Work instructions » Find the line that contains "Terminal 4 des Madrider Flughafens erffnet". Copy it and every line after it to the end of the material below, exactly, with no pictures.

Collected material »
Segment Open

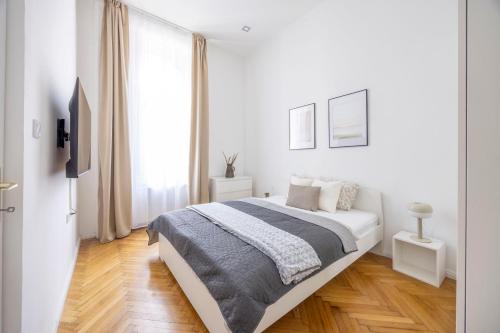 Charming & Cozy Central Elizabeth Apartment 1073 Budapest, Erzsébet körút 41 kép - 3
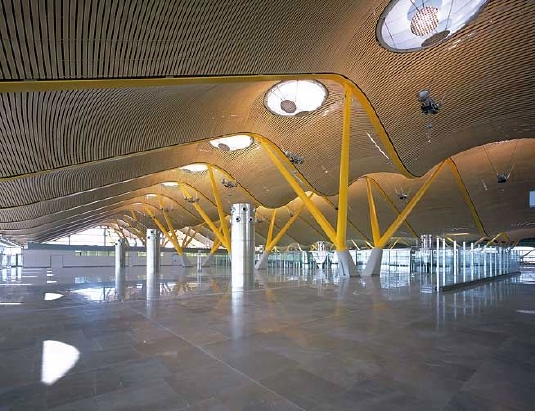 Terminal 4 des Madrider Flughafens erffnet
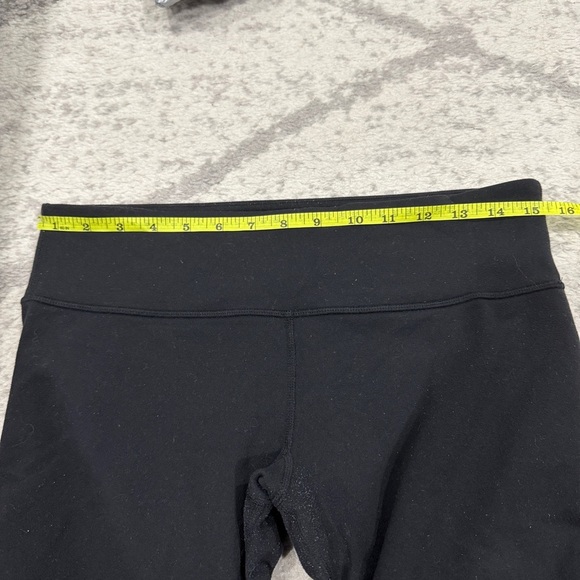 Lululemon Black Cropped Capri Leggings - Picture 9 of 10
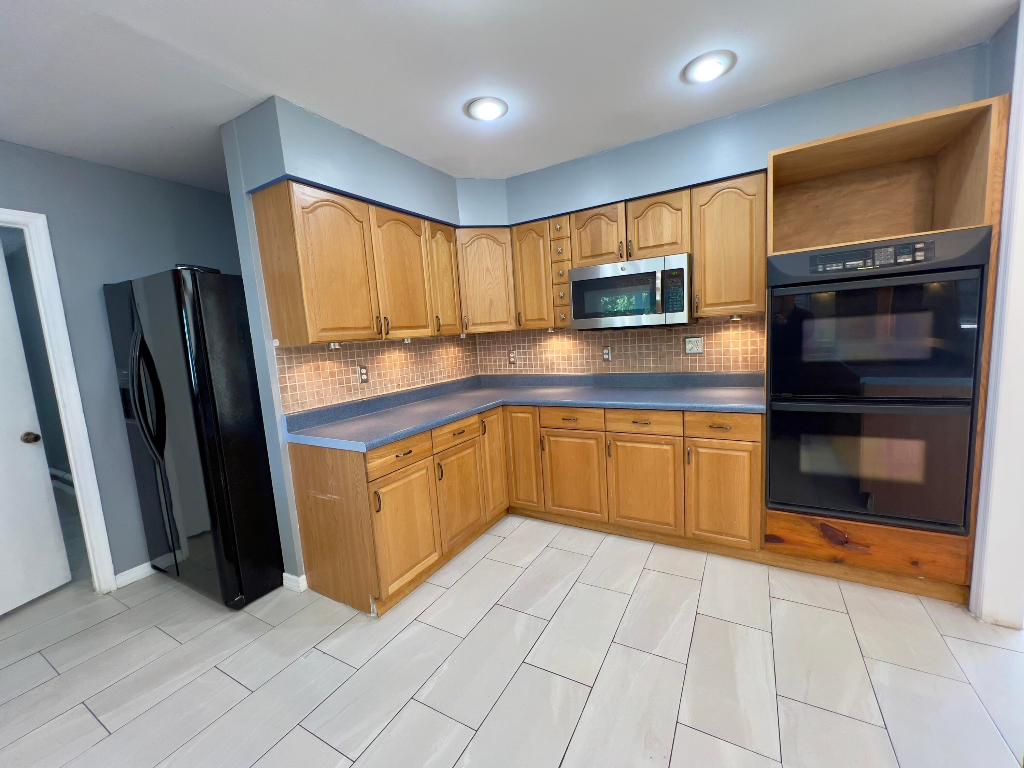 PORT ST LUCIE SECTION 18 - Residential Lease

Segment Closed

Result »
 Terminal 4 des Madrider Flughafens erffnet
 Lululemon Black Cropped Capri Leggings - Picture 9 of 10
 PORT ST LUCIE SECTION 18 - Residential Lease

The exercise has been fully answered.